O Dom Bosco do “Dá-me as pessoas”não teve medo de lutar por seus ideais, de defender, de protestar, de organizar campanhas e de dialogar com os poderosos da época na defesa da religião, da verdade e do bem da Igreja;
O Dom Bosco do “Dá-me as pessoas”atraiu jovens corajosos para continuarem sua missão. Ele sabia que tudo aquilo era da vontade de Deus. Ele tinha consciência que o sonho de 1825 não era um pesadelo, mas nasceu do coração de Deus e da bondade da senhora majestosa. Aquele projeto era divino e ele era apenas um instrumento de Deus;
O Dom Bosco do “Dá-me as pessoas”tinha um coração missionário, além fronteiras. Era um homem de coragem que espalhou pelo mundo a presença do carisma recebido de Deus.

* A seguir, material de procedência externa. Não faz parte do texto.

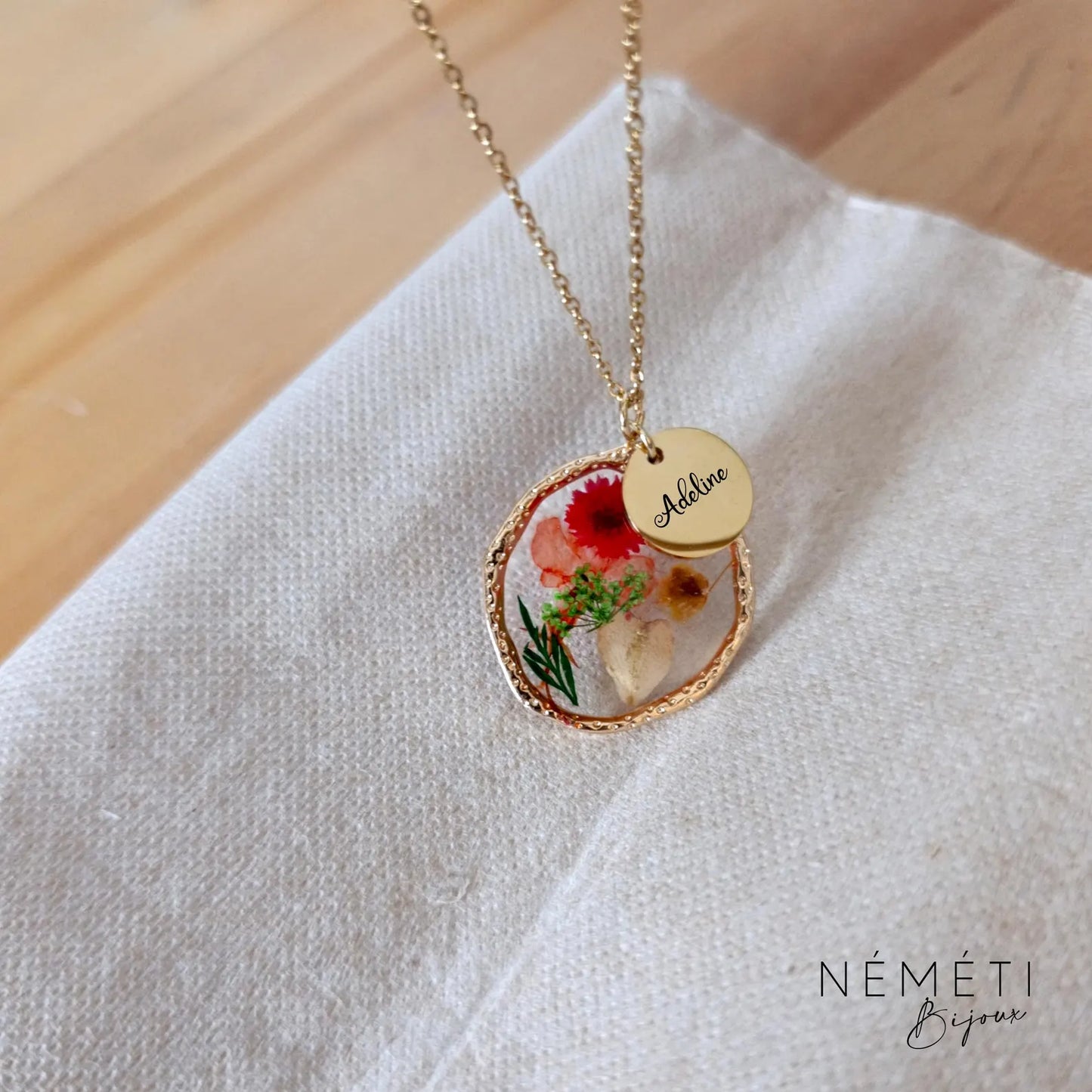 Collier personnalisé avec fleurs sechees naturelles et medaille prenom grave - Nemeti Bijoux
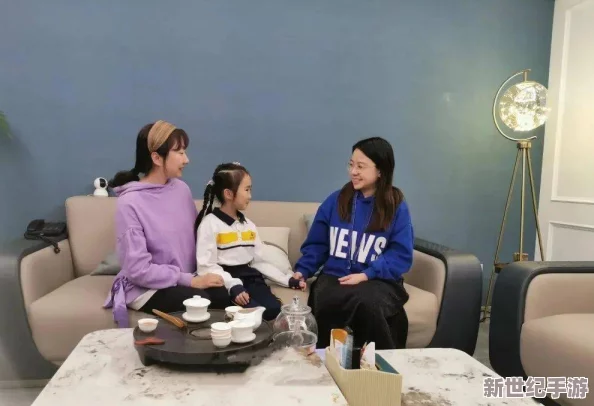 沈芯語老師家訪麻花視頻引發(fā)熱議-網(wǎng)友紛紛點贊其溫暖教育方式與親和力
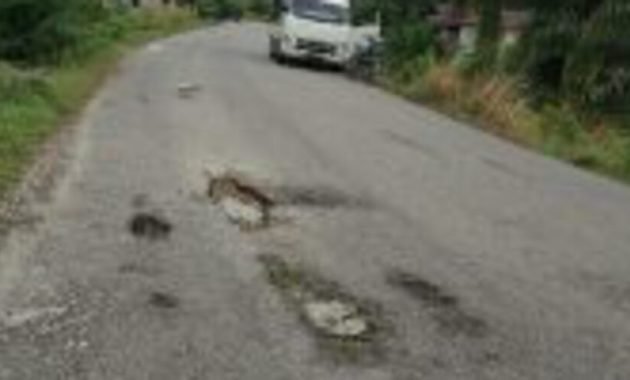 Masyarakat Aceh Singkil Resah Akibat Banyaknya Jalan Berlubang, PUPR Diminta Membuka Mata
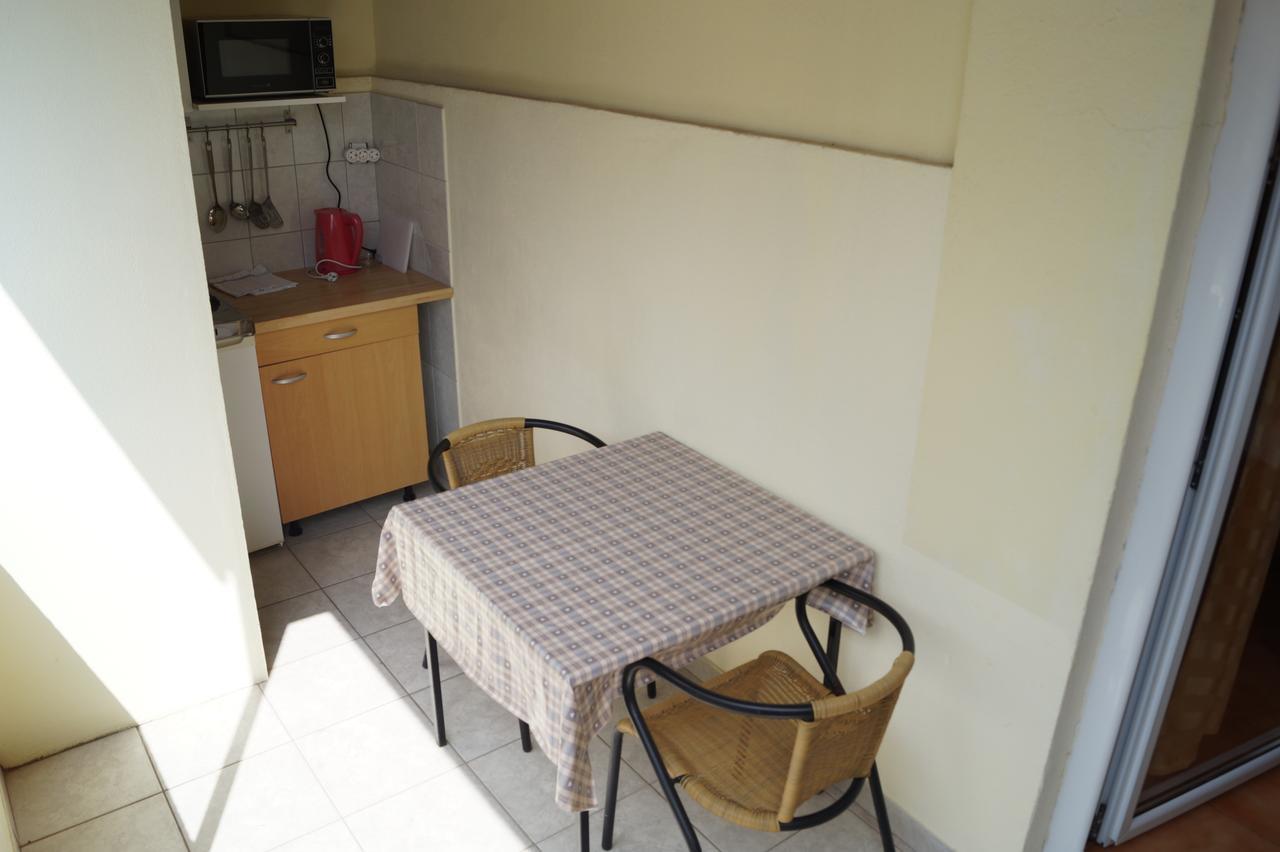 Studio Apartments Marija With Private Parking Makarska Exterior photo
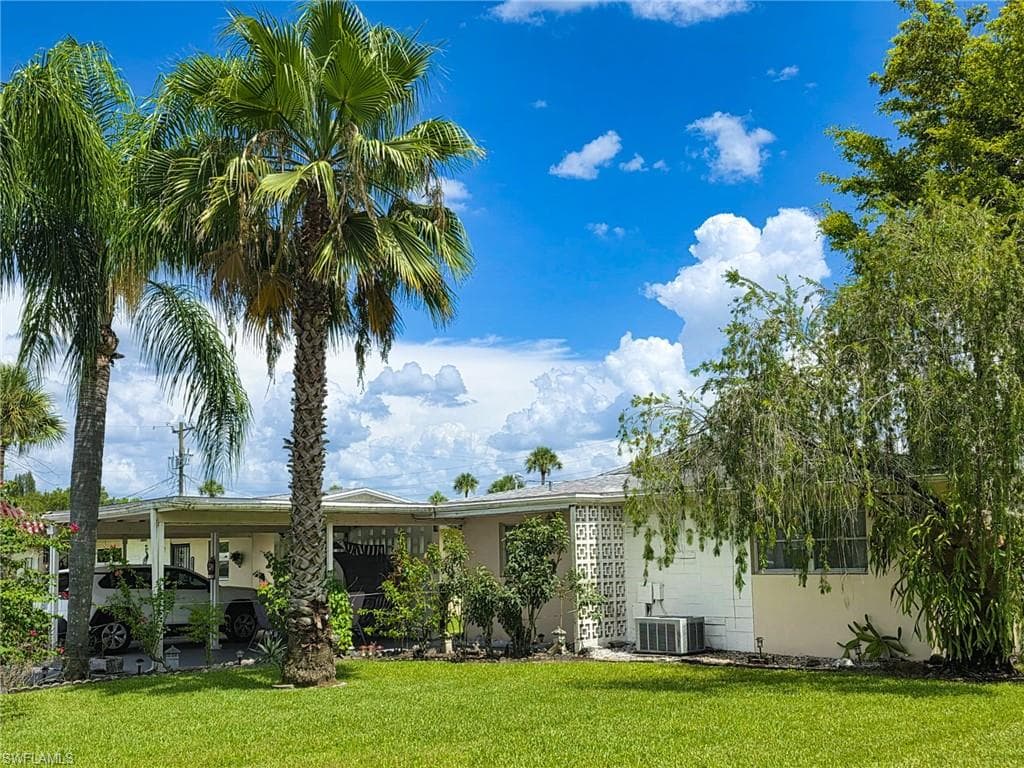 2214 Gladiola DR LEHIGH ACRES, FL 33936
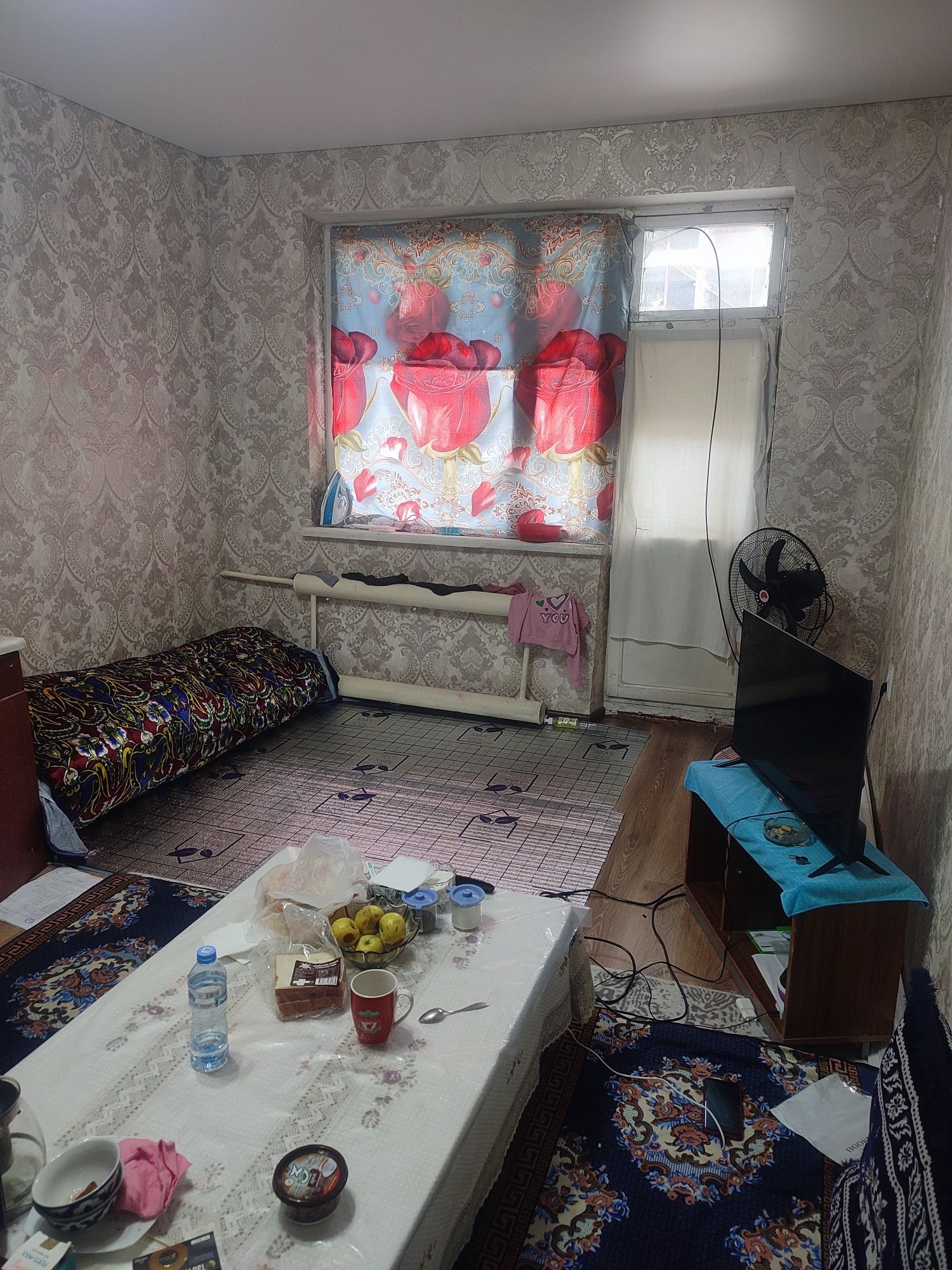 Продаю 2 комнатную квартиру массив Водник  (Базар Корзинка)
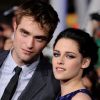Robert Pattinson et Kristen Stewart en amoureux sur le tapis rouge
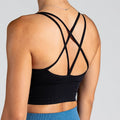 Sleek Silhouette Yoga Bra in Schwarz; minimalistischer Sport-BH mit Two-Strap Cross-Back für Yoga, Pilates und low-impact Training.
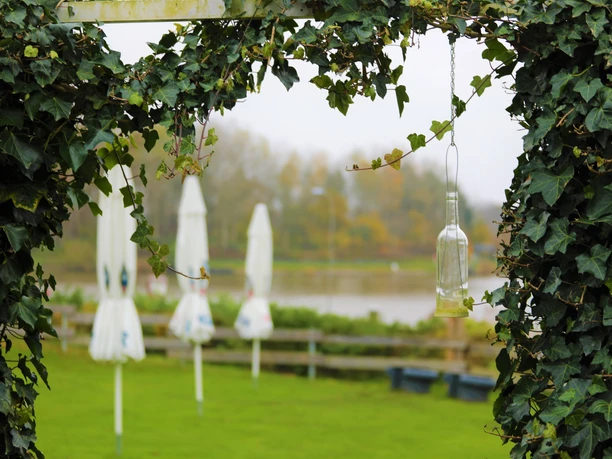 Kanal 33: Detailaufnahme der Außendeko mit Blick auf den Kanal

Ele sabia que a missão está sempre mais à frente e que Deus o esperava nos jovens;
O Dom Bosco do “Dá-me as pessoas”foi fundador de grande envergadura. No tempo certo começou a propor aos jovens um projeto ousado, em um contexto anticlerical e árido. Moldou homens como Rua, Cagliero, Costamagna, e foi sensível à presença da mulher na evangelização. Soube reconhecer no grupo de Mornese uma possibilidade de expansão do seu carisma na educação feminina e não teve medo de reconhecer em Mazzarello o mesmo carisma e a mesma inquietação pela educação e evangelização das jovens;
O Dom Bosco do “Dá-me as pessoas”enfrentou grandes conflitos eclesiais e políticos em uma Turim em transformação. Não aceitou a manipulação dos jovens para as ideologias nacionalistas e não os preparou para os campos de batalha. Para ele, os jovens deveriam ser honestos cidadãos e bons cristãos, mesmo em uma sociedade hostil e anticlerical;
O Dom Bosco do “Dá-me as pessoas”aprendeu que a santidade é um projeto de vida a ser vivido no banquete do Reino de Deus, quer dizer: deixar-se envolver pela primazia de Deus, pois a “vida dos justos está nas mãos de Deus” (Sab 3,1). Portanto, é possível ser santo e este ideal deveria ser apresentado aos jovens com alegria, otimismo, compromisso e união plena com Deus;
O Dom Bosco do “Dá-me as pessoas”foi sensível à educação do jovem e, para tanto, foi capaz de observar e traduzir para eles a preventividade educativa, a religião atrativa, a caridade ativa e o raciocínio construtivo. Foi o homem prático que soube dar respostas concretas aos desafios cotidianos.